Dès l'Ibéro-Maurusien, il existait dans le Nord-Ouest de l'Afrique un peuplement d'hommes modernes venus peut-être du Soudan, peut-être de la péninsule arabique ou succédant sur place aux hommes de l'Atérien et assez analogues à nos cro-magnoïdes pratiquant une activité de chasse et de cueillette. Progressivement ils "bafouilleront" un peu dans une tentative de protection de certaines productions sauvages intéressantes pour eux comme J. Guilaine le décrit pour les vesces par exemple dans l'Ouest européen. Venant de l'Est est arrivé vers -7000 un nouveau modèle d'économie basé sur une agriculture encore rudimentaire et s'accompagnant de certains animaux domestiques comme le mouton.

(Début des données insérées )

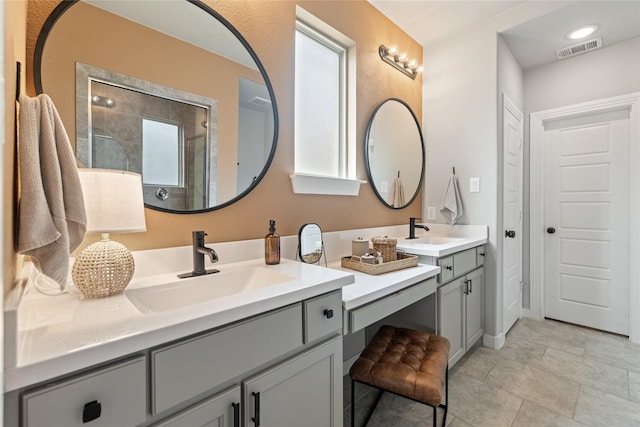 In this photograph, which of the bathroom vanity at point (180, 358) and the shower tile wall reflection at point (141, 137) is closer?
the bathroom vanity at point (180, 358)

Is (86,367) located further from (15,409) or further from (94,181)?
(94,181)

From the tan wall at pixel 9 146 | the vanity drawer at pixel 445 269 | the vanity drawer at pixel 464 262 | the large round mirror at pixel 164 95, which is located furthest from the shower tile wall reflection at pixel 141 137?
A: the vanity drawer at pixel 464 262

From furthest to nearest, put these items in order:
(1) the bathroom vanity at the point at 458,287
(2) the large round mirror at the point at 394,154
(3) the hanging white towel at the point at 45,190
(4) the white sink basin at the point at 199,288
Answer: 1. (2) the large round mirror at the point at 394,154
2. (1) the bathroom vanity at the point at 458,287
3. (4) the white sink basin at the point at 199,288
4. (3) the hanging white towel at the point at 45,190

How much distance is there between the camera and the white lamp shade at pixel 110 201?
2.93 ft

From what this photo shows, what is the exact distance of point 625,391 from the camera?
1.80 meters

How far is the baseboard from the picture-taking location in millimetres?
2350

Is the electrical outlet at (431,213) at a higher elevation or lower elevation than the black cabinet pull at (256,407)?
higher

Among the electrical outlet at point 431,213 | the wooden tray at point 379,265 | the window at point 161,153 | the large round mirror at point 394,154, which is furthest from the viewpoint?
the electrical outlet at point 431,213

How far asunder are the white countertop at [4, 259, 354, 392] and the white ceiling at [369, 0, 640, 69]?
2.36m

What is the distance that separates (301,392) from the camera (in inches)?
39.5

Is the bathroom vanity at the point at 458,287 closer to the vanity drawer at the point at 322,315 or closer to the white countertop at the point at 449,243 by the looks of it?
the white countertop at the point at 449,243

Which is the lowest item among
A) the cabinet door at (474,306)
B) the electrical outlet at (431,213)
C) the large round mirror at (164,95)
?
the cabinet door at (474,306)

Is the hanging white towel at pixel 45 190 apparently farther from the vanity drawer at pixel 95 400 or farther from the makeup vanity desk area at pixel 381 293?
the makeup vanity desk area at pixel 381 293

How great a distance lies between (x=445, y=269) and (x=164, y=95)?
1.76 metres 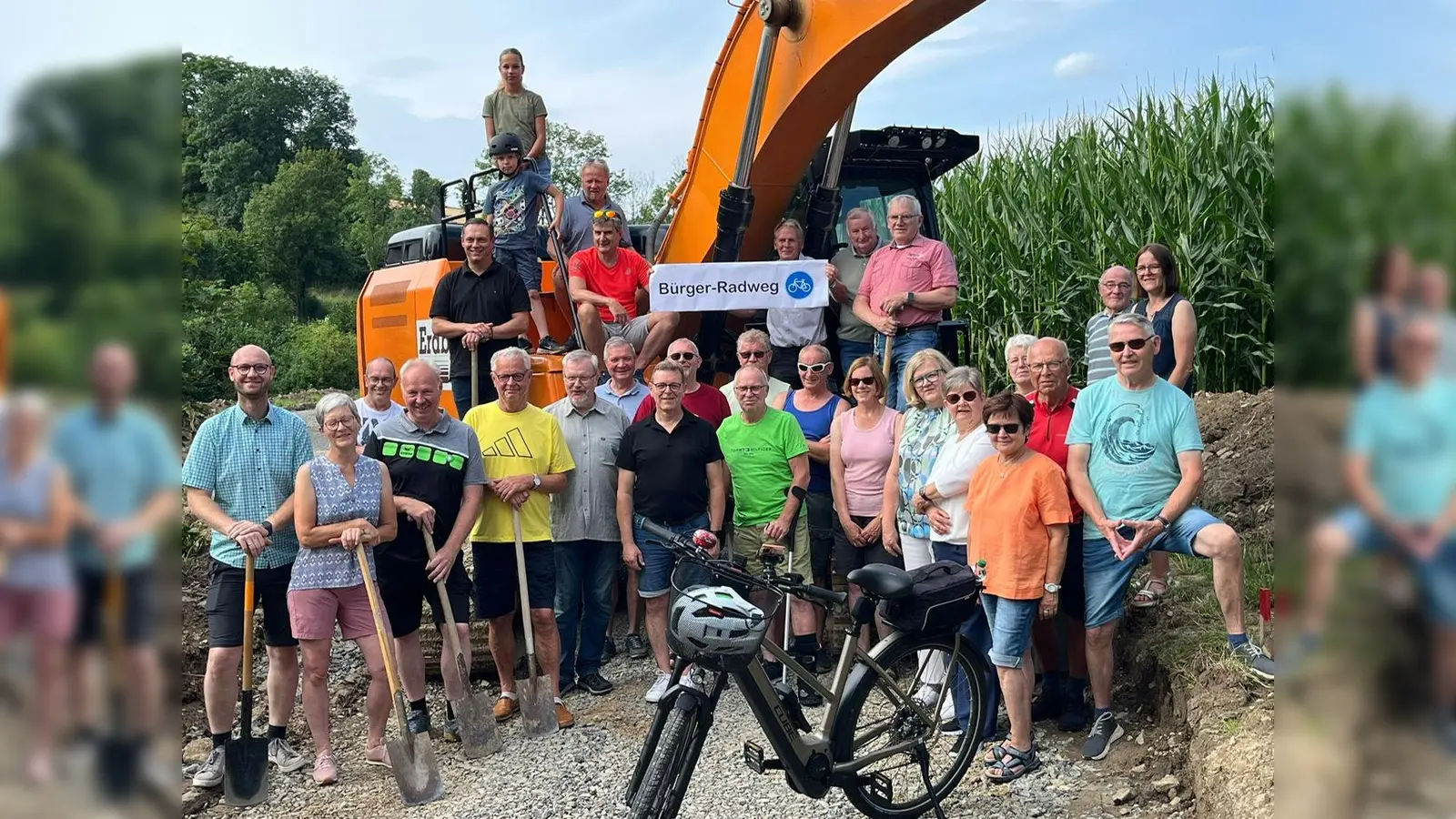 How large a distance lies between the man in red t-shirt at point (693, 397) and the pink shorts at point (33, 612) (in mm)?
6210

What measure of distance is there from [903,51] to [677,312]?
211 cm

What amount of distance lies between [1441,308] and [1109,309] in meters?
6.39

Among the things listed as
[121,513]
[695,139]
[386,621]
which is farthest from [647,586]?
[121,513]

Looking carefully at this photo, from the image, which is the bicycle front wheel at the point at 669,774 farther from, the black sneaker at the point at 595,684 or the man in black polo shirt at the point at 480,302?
the man in black polo shirt at the point at 480,302

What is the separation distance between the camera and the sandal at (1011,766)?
5.21 meters

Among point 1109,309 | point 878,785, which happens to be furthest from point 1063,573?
point 1109,309

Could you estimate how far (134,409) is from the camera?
483 mm

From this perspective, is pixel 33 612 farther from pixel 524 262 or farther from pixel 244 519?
pixel 524 262

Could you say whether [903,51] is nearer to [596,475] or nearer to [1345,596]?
[596,475]

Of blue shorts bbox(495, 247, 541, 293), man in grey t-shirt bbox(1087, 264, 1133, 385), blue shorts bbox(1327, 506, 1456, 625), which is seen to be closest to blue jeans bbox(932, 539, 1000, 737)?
man in grey t-shirt bbox(1087, 264, 1133, 385)

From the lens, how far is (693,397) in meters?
6.85

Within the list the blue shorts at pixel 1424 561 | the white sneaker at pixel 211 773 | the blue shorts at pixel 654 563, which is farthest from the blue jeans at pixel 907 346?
the blue shorts at pixel 1424 561

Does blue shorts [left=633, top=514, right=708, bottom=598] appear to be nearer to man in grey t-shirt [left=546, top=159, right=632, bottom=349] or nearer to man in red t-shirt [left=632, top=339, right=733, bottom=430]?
man in red t-shirt [left=632, top=339, right=733, bottom=430]

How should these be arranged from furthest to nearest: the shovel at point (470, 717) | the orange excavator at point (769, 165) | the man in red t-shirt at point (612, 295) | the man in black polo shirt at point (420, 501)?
1. the man in red t-shirt at point (612, 295)
2. the orange excavator at point (769, 165)
3. the shovel at point (470, 717)
4. the man in black polo shirt at point (420, 501) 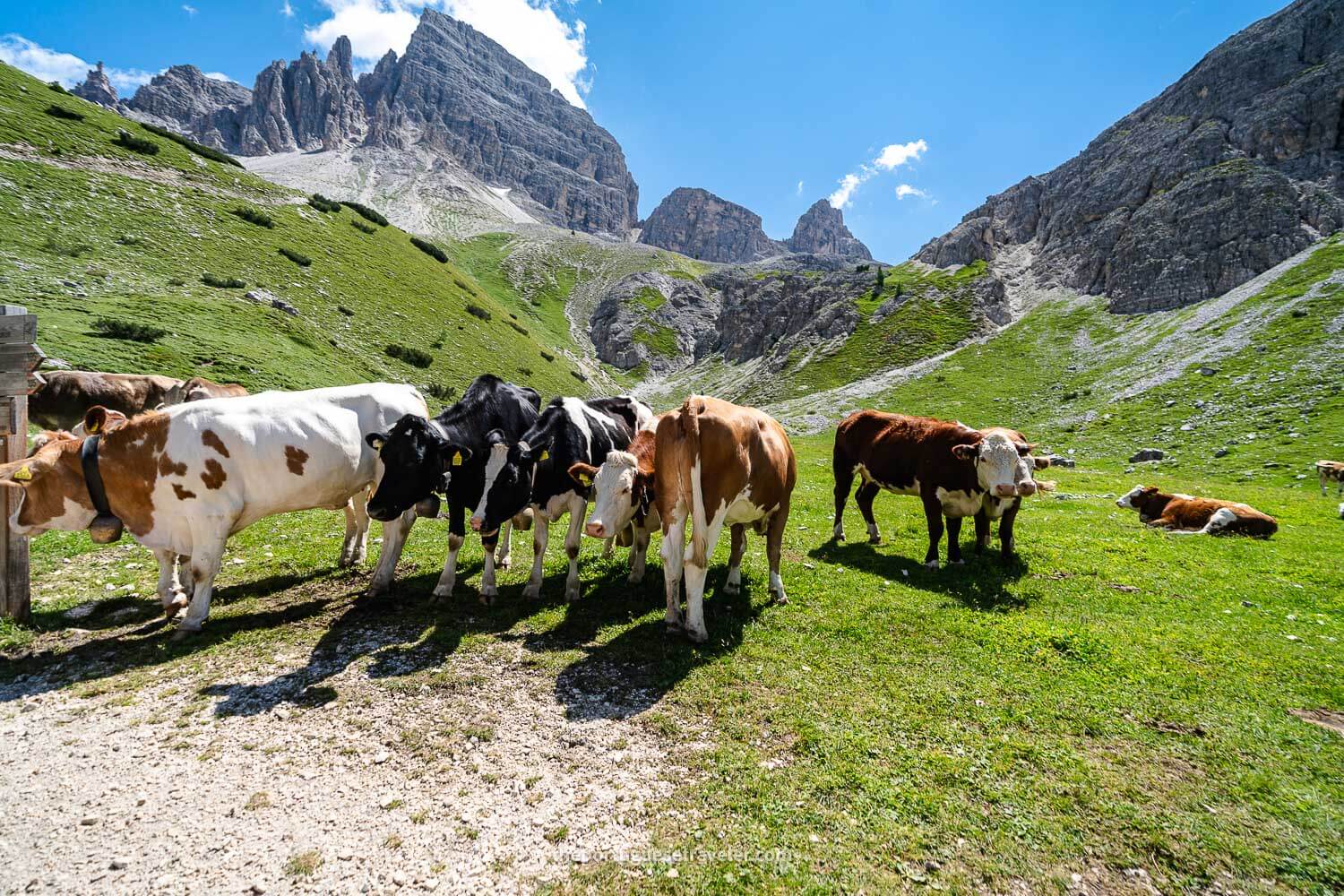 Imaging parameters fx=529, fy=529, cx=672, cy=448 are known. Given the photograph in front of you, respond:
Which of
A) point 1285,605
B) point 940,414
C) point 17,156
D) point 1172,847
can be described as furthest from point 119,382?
point 940,414

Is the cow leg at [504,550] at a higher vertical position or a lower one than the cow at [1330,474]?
lower

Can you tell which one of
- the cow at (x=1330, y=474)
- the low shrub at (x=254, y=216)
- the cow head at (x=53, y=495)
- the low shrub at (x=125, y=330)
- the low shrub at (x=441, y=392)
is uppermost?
the low shrub at (x=254, y=216)

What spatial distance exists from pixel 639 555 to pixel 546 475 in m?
2.24

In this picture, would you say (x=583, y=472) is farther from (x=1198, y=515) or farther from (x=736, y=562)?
(x=1198, y=515)

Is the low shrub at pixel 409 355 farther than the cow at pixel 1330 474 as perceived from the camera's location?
Yes

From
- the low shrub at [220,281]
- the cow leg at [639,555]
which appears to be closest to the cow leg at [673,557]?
the cow leg at [639,555]

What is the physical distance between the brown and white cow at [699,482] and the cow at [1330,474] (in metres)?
25.6

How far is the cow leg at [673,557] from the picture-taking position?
286 inches

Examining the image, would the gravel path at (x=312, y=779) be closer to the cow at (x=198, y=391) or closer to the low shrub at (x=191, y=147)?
the cow at (x=198, y=391)

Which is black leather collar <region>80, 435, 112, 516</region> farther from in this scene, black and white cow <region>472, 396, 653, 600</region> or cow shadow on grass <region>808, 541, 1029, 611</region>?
cow shadow on grass <region>808, 541, 1029, 611</region>

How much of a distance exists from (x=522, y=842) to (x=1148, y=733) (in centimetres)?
592

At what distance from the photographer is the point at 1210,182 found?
226 feet

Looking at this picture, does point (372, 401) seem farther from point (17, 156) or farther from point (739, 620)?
point (17, 156)

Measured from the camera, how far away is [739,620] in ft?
25.8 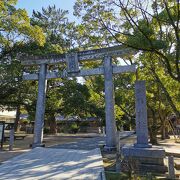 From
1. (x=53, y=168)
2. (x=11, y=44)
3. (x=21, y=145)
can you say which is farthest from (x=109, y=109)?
(x=11, y=44)

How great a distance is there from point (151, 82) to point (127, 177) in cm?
1070

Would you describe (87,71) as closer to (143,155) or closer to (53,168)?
(143,155)

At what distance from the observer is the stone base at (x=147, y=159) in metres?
8.53

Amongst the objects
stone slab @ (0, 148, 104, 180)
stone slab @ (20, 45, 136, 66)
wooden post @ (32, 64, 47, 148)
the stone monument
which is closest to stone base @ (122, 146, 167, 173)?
the stone monument

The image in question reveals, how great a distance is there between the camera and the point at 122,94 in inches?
738

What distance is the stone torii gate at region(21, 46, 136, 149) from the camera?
13031mm

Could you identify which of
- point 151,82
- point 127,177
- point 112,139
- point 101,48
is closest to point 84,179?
point 127,177

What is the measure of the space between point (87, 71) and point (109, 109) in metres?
2.94

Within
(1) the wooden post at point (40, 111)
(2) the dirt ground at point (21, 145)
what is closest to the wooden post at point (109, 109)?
(1) the wooden post at point (40, 111)

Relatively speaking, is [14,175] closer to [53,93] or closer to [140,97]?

Ceux qui gagnaient vers l'Ouest en apportant ce nouveau mode de subsistance parlaient une langue dont dérivent les parlers Berbères actuels. Ils n'ont sans doute pas submergé les premiers occupants. Ils ont été assimilés avec ce qu'ils amenaient de progrès avantageux. Leur poids culturel a été fort. Mais leur poids génétique dans l'évolution des populations ultérieures est demeuré faible. Le fractionnement des groupes lié sans doute aux évolutions climatiques, aux guerres et aux invasions successives, aux autres révolutions culturelles aboutit à la dispersion et aux particularismes que nous connaissons aujourd'hui.